L'article R4127-7 du Code de la santé publique impose une obligation déontologique absolue, renforcée par l'article 225-1 du Code pénal et l'article 3 de la CIDE protégeant l'intérêt supérieur de l'enfant. Les 10% de refus discriminatoires envers les bénéficiaires AME et les 8 155 enfants refusés annuellement justifient une sanction ferme, sans considération économique.
Le refus discriminatoire est une externalité négative résultant d'une défaillance de marché : la consultation AME génère une perte de rentabilité de 55% due aux surcoûts administratifs. La solution réside dans une majoration tarifaire substantielle (+284% en net fiscal selon Me Bernard) et des dispositifs fiscaux incitatifs, plutôt que dans la seule répression.
L'ANI du 12 octobre 2006 sur la diversité démontre l'efficacité de la négociation collective. Il faut transposer ce modèle à la médecine libérale via une convention interprofessionnelle négociée avec les syndicats médicaux, conditionnant les aides publiques (205 millions d'euros en 2023) à des engagements de non-discrimination.
La relation médecin-patient est contractuelle depuis l'arrêt Mercier (1936). Le refus discriminatoire constitue une rupture abusive du contrat médical (article 1240 du Code civil) engageant la responsabilité délictuelle du médecin. La multiplication des actions indemnitaires créera une incitation économique négative puissante sans porter atteinte à la liberté contractuelle initiale.

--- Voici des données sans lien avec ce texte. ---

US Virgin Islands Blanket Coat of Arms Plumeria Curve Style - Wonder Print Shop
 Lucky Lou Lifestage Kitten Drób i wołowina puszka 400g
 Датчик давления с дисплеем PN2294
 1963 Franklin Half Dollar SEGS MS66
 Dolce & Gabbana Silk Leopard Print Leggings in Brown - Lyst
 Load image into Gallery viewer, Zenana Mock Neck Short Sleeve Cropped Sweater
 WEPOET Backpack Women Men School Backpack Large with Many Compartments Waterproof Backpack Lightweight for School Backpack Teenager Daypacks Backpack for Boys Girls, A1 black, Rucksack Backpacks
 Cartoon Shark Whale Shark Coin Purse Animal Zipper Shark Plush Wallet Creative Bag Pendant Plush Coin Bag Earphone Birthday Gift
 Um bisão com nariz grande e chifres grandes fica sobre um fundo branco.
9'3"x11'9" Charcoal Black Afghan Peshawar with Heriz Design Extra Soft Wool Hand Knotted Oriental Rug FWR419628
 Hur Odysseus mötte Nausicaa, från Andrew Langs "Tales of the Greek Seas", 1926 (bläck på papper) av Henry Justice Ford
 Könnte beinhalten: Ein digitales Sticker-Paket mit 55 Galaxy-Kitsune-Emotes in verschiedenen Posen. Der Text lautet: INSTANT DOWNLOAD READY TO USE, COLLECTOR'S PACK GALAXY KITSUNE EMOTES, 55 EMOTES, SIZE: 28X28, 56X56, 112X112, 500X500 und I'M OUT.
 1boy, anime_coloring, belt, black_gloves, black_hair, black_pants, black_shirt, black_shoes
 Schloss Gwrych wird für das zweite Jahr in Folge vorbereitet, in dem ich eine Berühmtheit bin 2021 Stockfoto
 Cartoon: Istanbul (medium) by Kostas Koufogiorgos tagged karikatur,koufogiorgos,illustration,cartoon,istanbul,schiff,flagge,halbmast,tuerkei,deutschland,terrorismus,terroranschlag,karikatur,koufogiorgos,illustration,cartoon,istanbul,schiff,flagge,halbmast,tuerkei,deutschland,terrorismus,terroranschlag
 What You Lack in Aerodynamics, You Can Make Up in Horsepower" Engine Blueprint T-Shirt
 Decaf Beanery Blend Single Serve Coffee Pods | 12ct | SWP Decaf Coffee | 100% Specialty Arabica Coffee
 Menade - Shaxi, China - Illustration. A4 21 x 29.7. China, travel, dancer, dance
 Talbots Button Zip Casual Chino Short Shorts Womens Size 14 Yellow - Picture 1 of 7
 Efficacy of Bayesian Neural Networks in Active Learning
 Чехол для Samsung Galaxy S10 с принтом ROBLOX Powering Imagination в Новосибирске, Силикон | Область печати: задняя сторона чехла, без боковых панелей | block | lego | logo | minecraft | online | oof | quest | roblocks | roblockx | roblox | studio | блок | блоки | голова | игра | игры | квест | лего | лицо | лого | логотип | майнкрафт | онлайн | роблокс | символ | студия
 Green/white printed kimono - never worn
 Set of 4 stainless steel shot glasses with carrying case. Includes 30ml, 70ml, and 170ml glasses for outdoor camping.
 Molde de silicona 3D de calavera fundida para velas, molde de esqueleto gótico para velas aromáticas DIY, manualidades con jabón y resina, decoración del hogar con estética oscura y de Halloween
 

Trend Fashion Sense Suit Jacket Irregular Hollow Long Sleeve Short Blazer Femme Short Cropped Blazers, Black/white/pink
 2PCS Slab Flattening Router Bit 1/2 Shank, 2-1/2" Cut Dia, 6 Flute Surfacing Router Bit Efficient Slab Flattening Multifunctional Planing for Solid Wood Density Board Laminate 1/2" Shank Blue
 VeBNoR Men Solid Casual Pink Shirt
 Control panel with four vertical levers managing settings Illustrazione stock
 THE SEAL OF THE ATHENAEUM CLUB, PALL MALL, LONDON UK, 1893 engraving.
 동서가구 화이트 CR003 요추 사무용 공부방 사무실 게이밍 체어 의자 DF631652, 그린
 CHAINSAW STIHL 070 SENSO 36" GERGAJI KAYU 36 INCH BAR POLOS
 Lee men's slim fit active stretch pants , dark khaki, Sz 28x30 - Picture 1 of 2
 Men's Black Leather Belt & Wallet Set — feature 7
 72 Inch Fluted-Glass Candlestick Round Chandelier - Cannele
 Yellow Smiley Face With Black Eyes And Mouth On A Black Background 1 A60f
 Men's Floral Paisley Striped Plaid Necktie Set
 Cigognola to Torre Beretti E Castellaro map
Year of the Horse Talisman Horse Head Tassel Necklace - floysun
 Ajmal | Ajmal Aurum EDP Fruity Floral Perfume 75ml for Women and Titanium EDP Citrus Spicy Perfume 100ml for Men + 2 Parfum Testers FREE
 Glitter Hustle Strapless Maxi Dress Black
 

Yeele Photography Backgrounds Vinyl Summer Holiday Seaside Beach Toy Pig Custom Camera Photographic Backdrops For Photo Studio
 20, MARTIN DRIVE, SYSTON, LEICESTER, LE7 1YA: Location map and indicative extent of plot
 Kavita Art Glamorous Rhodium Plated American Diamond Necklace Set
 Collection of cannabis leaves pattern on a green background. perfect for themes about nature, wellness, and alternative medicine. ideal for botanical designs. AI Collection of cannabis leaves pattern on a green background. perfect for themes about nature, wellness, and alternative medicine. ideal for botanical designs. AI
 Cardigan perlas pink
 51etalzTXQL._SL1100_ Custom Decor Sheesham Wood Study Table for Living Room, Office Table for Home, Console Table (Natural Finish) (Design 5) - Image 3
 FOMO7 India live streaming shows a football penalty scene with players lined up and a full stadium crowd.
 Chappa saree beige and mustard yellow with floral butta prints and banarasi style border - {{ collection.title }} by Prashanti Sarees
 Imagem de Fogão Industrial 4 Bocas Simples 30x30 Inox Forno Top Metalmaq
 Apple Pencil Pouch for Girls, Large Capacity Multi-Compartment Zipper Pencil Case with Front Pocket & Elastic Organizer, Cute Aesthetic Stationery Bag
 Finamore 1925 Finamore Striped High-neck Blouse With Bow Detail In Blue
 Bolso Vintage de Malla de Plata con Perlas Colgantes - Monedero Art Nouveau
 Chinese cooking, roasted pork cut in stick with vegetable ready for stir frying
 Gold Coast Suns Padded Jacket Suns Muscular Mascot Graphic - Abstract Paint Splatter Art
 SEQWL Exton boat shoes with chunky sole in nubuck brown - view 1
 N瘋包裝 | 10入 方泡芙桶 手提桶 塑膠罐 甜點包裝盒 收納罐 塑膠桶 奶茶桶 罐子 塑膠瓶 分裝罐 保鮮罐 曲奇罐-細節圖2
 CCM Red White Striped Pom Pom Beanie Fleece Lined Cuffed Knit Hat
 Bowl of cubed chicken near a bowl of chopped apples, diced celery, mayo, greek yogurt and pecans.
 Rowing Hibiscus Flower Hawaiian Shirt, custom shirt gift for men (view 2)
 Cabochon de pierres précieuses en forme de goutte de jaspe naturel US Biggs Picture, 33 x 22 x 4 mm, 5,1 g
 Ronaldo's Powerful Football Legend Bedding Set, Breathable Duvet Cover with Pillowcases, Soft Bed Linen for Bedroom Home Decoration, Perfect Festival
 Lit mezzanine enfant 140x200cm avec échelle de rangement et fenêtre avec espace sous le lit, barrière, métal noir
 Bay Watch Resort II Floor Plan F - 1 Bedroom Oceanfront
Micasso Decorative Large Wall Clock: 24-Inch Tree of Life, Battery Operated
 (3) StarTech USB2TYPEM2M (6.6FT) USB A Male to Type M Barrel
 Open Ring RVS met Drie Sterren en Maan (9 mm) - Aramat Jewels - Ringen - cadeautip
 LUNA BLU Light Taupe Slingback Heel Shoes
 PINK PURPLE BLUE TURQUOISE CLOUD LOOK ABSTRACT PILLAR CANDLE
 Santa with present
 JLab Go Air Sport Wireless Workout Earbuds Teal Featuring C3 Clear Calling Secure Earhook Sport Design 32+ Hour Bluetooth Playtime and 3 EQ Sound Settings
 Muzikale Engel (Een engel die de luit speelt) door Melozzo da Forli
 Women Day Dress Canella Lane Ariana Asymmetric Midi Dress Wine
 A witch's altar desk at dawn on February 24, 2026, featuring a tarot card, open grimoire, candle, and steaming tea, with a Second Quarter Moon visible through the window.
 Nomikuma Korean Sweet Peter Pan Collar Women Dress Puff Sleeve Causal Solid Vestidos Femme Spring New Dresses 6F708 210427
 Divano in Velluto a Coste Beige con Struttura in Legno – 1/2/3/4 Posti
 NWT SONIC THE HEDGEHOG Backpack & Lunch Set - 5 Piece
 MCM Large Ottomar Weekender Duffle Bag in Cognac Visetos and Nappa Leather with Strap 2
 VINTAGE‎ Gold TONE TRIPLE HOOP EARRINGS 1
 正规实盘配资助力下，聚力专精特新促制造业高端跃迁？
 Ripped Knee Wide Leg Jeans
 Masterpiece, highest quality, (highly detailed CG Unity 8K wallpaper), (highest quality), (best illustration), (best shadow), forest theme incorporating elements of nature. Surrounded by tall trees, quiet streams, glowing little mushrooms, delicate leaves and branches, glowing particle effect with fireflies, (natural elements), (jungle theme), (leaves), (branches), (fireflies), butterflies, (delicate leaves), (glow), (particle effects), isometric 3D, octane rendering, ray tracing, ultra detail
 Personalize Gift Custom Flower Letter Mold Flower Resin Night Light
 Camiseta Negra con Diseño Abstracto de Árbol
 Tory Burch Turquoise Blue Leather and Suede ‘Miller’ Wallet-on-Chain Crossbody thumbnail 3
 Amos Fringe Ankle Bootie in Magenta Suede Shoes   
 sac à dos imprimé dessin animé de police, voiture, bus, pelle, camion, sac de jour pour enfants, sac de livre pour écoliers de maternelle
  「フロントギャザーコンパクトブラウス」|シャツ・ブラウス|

Le test de proportionnalité (décision CC n°2022-1027/1028 QPC) révèle une atteinte disproportionnée à la liberté d'entreprendre : imposer l'acceptation de tous les patients AME sans compensation financière suffisante dans un contexte de désertification médicale (30,2% de la population en désert médical) transforme une obligation de moyens en obligation de résultat impossible à satisfaire.
Le débat révèle une tension irréductible entre deux logiques : une logique de droits fondamentaux (accès aux soins, intérêt supérieur de l'enfant, égalité) portée par les magistrats et syndicalistes, et une logique d'efficacité économique (incitations, coûts de transaction, régulation de marché) portée par les économistes et fiscalistes. La décision du Conseil d'État du 27 février 2026 consacre juridiquement la primauté de la première logique en confirmant le caractère absolu de l'obligation de non-discrimination, mais son effectivité demeure compromise par l'absence de moyens de contrôle (11 ans pour publier le décret d'application) et par la crise structurelle du système de santé libéral (perte d'un généraliste sur quatre entre 2007 et 2025). La tendance majoritaire qui se dégage est celle d'une approche combinée : maintien ferme de l'obligation juridique absolue tout en développant des incitations économiques substantielles et un dialogue social renforcé. Les perspectives d'évolution dépendront de la capacité du législateur à conditionner les 205 millions d'euros d'aides publiques à l'installation à des engagements contraignants de non-discrimination, et de la jurisprudence pénale à sanctionner effectivement les refus discriminatoires malgré les obstacles probatoires identifiés par JI Renard.